## Raw data:
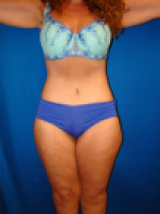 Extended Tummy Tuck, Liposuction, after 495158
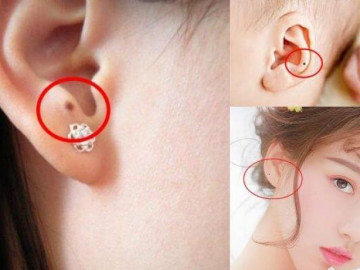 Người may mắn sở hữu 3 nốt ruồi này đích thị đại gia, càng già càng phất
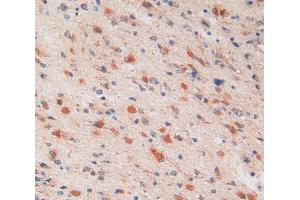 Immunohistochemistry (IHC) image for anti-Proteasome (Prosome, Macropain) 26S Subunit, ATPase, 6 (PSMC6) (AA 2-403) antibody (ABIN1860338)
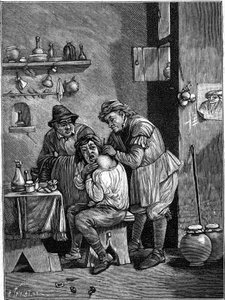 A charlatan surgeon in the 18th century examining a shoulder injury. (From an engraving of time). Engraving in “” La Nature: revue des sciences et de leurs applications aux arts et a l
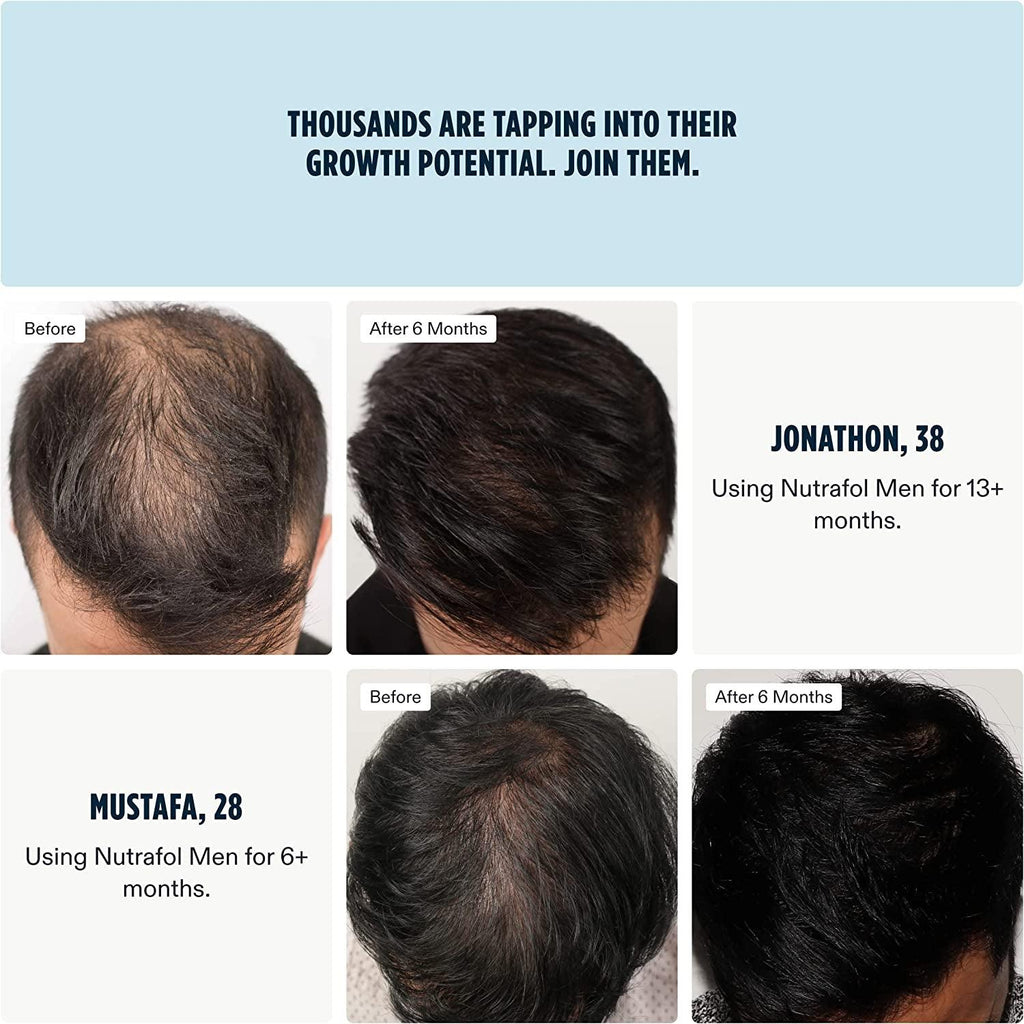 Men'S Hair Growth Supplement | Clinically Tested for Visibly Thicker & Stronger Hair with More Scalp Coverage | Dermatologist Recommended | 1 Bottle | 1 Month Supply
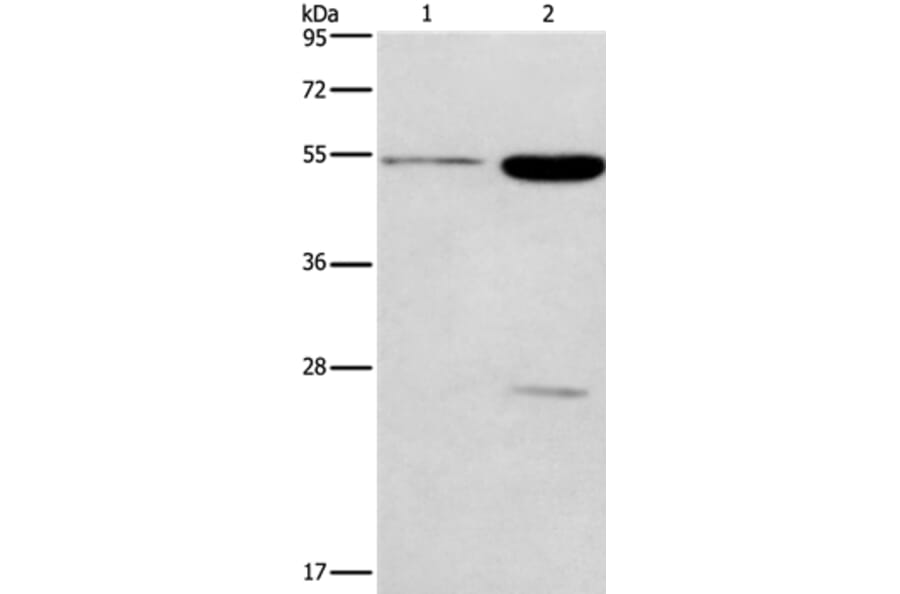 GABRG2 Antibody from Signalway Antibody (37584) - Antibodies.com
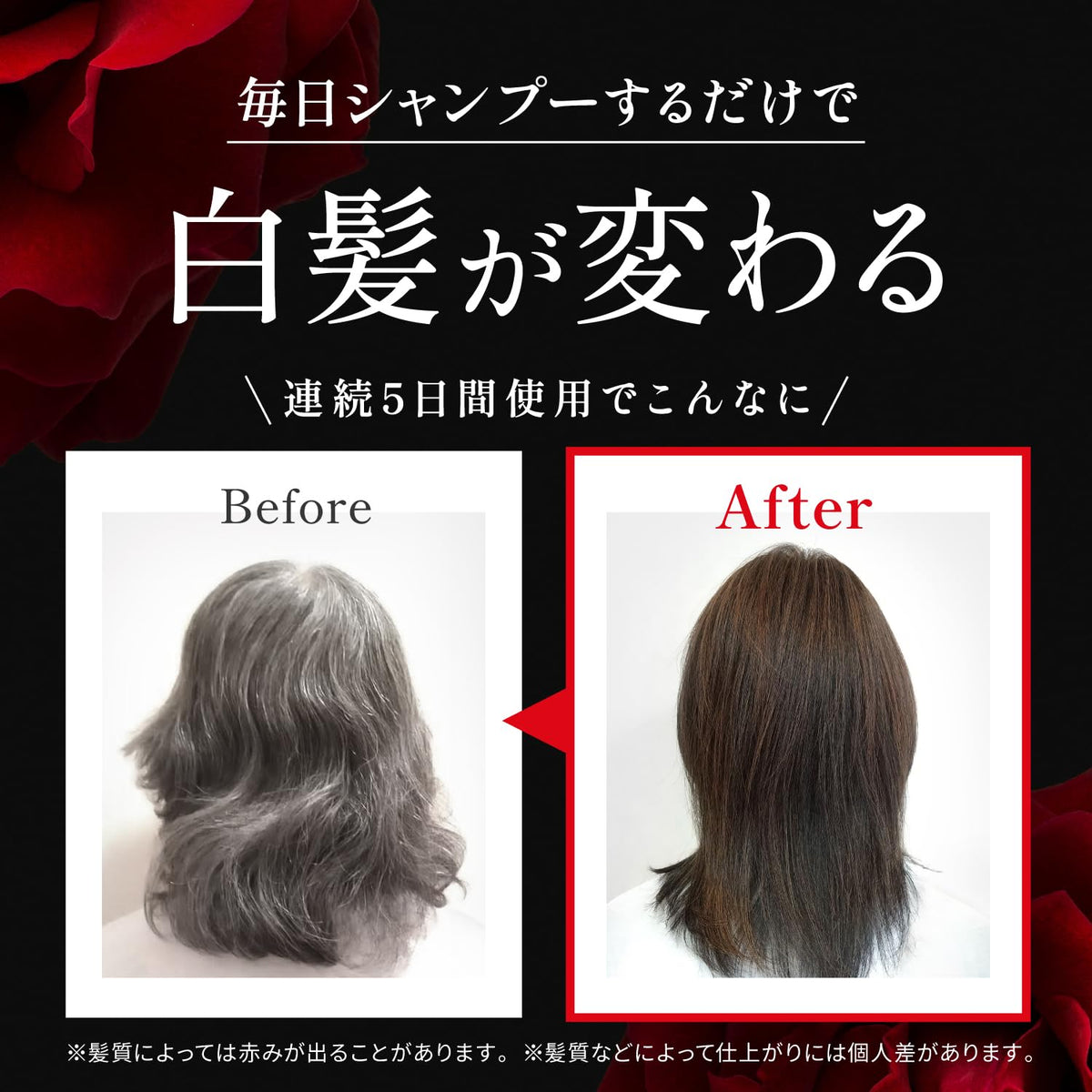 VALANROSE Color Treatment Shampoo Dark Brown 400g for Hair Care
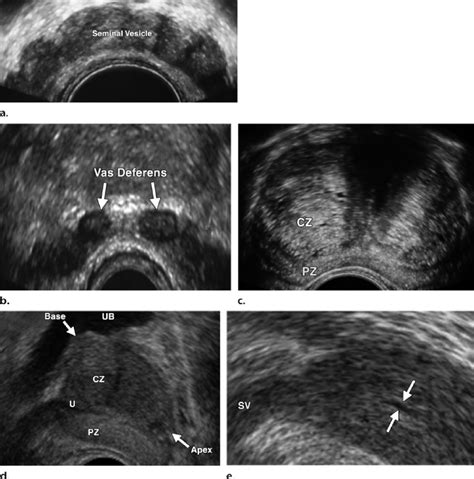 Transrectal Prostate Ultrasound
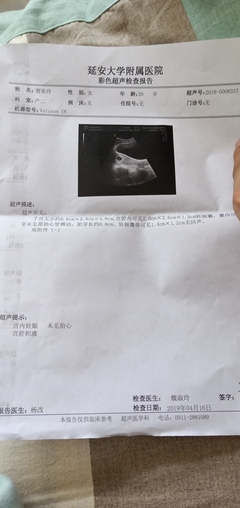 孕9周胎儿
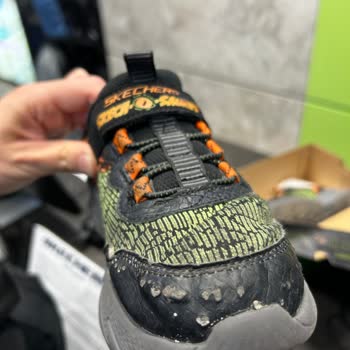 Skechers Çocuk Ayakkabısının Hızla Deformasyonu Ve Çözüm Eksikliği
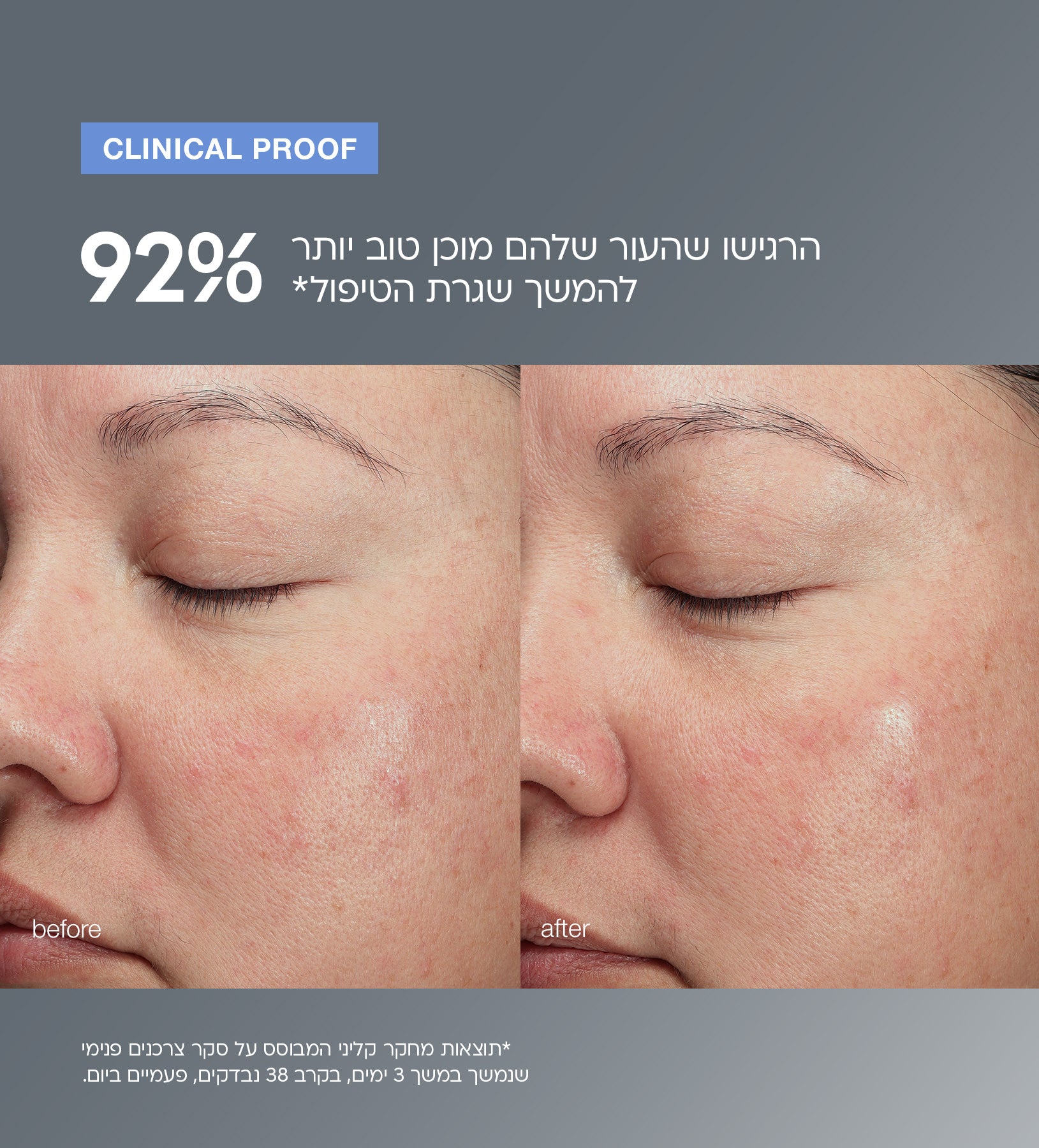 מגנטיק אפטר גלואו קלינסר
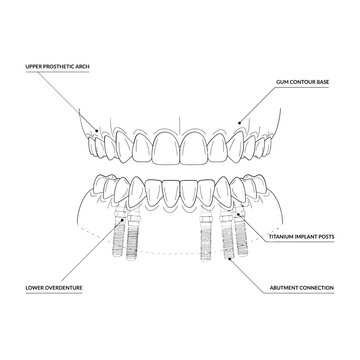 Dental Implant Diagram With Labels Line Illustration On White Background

## Assignment:
Lines from the one that contains "Men'S Hair Growth" to the final line of the material are the whole answer. Reproduce them word for word and skip the pictures.

## Answer to this problem:
 Men'S Hair Growth Supplement | Clinically Tested for Visibly Thicker & Stronger Hair with More Scalp Coverage | Dermatologist Recommended | 1 Bottle | 1 Month Supply
 GABRG2 Antibody from Signalway Antibody (37584) - Antibodies.com
 VALANROSE Color Treatment Shampoo Dark Brown 400g for Hair Care
 Transrectal Prostate Ultrasound
 孕9周胎儿
 Skechers Çocuk Ayakkabısının Hızla Deformasyonu Ve Çözüm Eksikliği
 מגנטיק אפטר גלואו קלינסר
 Dental Implant Diagram With Labels Line Illustration On White Background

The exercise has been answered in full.